Ironically, Davis had just returned from the historic March on Washington. “I was giddy with the hope of the Civil Rights movement, but the bombing was a turning point,” she recalls. “I was very angry for a long time and that is why I was attracted to the Black Panthers and the Black Nationalist movement. Then I became involved with the women’s movement, the anti-apartheid movement, the socialist movement—you name it, and that was my path.”

Davis has practiced civil rights law since the late 1970s, specializing in employment discrimination litigation. But in the mid-’90s, for her own peace of mind, she says, she began to feel “that I had to change. I had too much fire and too much anger.” Following in the footsteps of her mother, a spiritual woman who “embodied nonviolence,” Davis started meditating, becoming “interested in more than just yoga postures, but in the whole Eastern philosophy.” She adds with a grin, “I had to hide this from my friends in the movement as I thought the Marxist police would come and get me!”
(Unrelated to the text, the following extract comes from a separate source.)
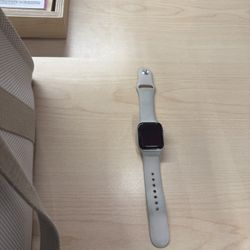 Apple Watch 40mm SE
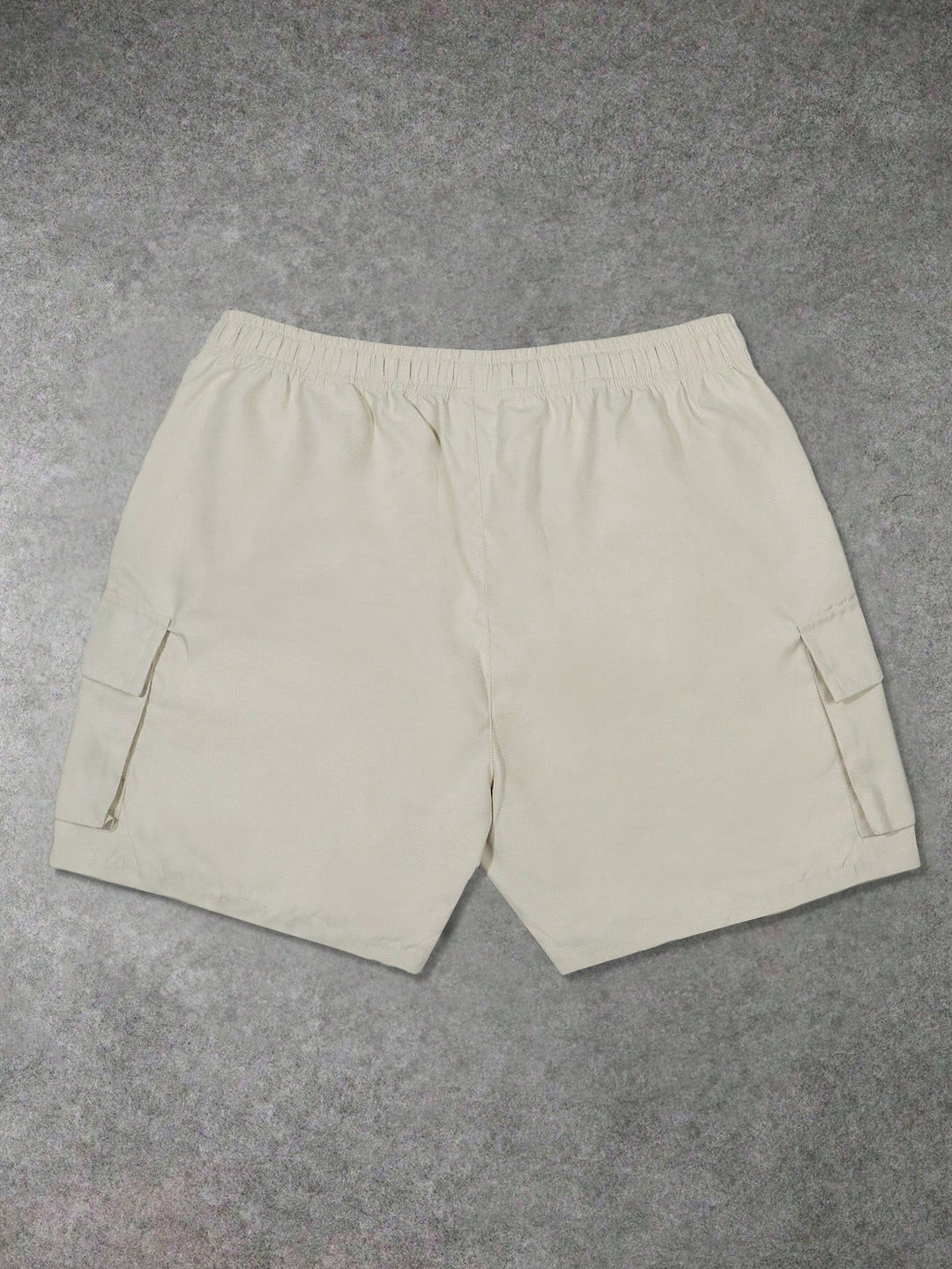 Pantaloni scurți SHEIN, crem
At this point, she says, “I could no longer pursue a vision of social transformation that didn’t include spiritual transformation.” Entering a Ph.D. program in indigenous knowledge, Davis shut down her law office in 1988; learned about restorative justice at a conference in 2003; and “started going to conferences all over the world and talking with the leaders of restorative justice movements from South Africa to New Zealand.”

To bring restorative justice to Oakland, Davis enlisted the support of Gail Bereola, then the presiding judge of the Alameda County juvenile court. Like Davis, Bereola was impressed with the effectiveness of programs around the country and, in 2008, she launched an Alameda County Restorative Justice Task Force.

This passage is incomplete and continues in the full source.